Я бросился в конюшню, заглянул в стойло. О счастье! Медеа мирно жевал сено. Я хватаю седло, сам седлаю лошадь, надеваю уздечку. Медеа подчиняется всему этому с полной охотой. Затем, сунув в руки ошеломленному торговцу четыре с половиной тысячи франков, я возвращаюсь домой – вернее, всю ночь езжу взад и вперед по Елисейским полям. И знаете? В окнах графа горел свет, мне показалось, что я вижу на шторах его тень. Так вот, Валентина, я готов поклясться, что граф знал, как мне хочется иметь эту лошадь, и нарочно проиграл, чтобы я мог ее купить.
– Милый Максимилиан, – сказала Валентина, – вы, право, слишком большой фантазер… Вы недолго будете меня любить… Человек, который, подобно вам, витает в поэтических грезах, не сможет прозябать в такой монотонной любви, как наша… Но, боже мой, меня зовут… Слышите?
– Валентина, – сказал Максимилиан, – через щелку… ваш самый маленький пальчик… чтоб я мог поцеловать его.
– Максимилиан, ведь мы условились, что будем друг для друга только два голоса, две тени!
– Как хотите, Валентина.
– Вы будете рады, если я исполню ваше желание?
– О да!
Валентина взобралась на скамейку и протянула не мизинец в щелку, а всю руку поверх перегородки.
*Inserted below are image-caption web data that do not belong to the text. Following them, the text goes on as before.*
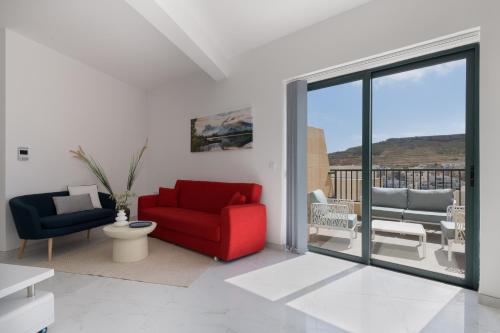 a living room with two chairs and a sliding glass door at Jacuzzi Penthouse with Large Terrace & Views in Marsalforn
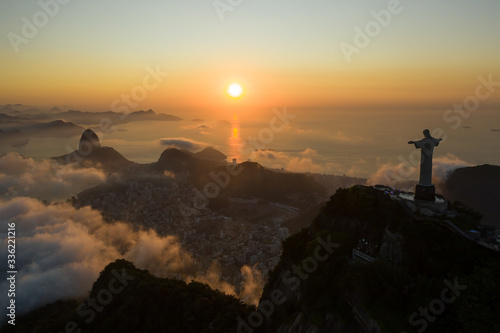 Drone view of Christ the Redeemer during the sunrise over Guanamara Bay in Rio de Janeiro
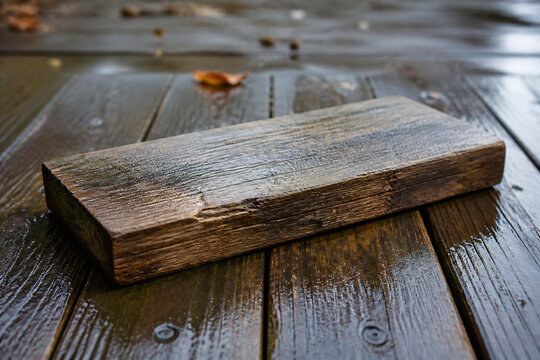 A weathered wooden block rests on wet, dark wooden planks outdoors.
Максимилиан вскрикнул, вскочил на тумбу, схватил эту обожаемую руку и припал к ней жаркими губами, но в тот же миг маленькая ручка выскользнула из его рук, и Моррель слышал только, как убегала Валентина, быть может, испуганная пережитым ощущением.
Часть четвертая
I. Господин Нуартье де Вильфор
Вот что произошло в доме королевского прокурора после отъезда г-жи Данглар и ее дочери, в то время как происходил переданный нами разговор.
Вильфор в сопровождении жены явился в комнату своего отца; что касается Валентины, то мы знаем, где она находилась.
Поздоровавшись со стариком и отослав Барруа, старого лакея, прослужившего у Нуартье больше четверти века, они сели.
Нуартье сидел в большом кресле на колесиках, куда его сажали утром и откуда поднимали вечером; перед ним было зеркало, в котором отражалась вся комната, так что, даже не шевелясь – что, впрочем, было для него невозможно, – он мог видеть, кто к нему входит, кто выходит и что делается вокруг. Неподвижный, как труп, он смотрел живым и умным взглядом на своих детей, церемонное приветствие которых предвещало нечто значительное и необычное.
Зрение и слух были единственными чувствами, которые, подобно двум искрам, еще тлели в этом теле, уже на три четверти готовом для могилы; да и то из этих двух чувств только одно могло свидетельствовать о внутренней жизни, еще теплившейся в этом истукане, и взгляд, выражавший эту внутреннюю жизнь, походил на далекий огонек, который ночью указывает заблудившемуся в пустыне страннику, что где-то есть живое существо, бодрствующее в безмолвии и мраке.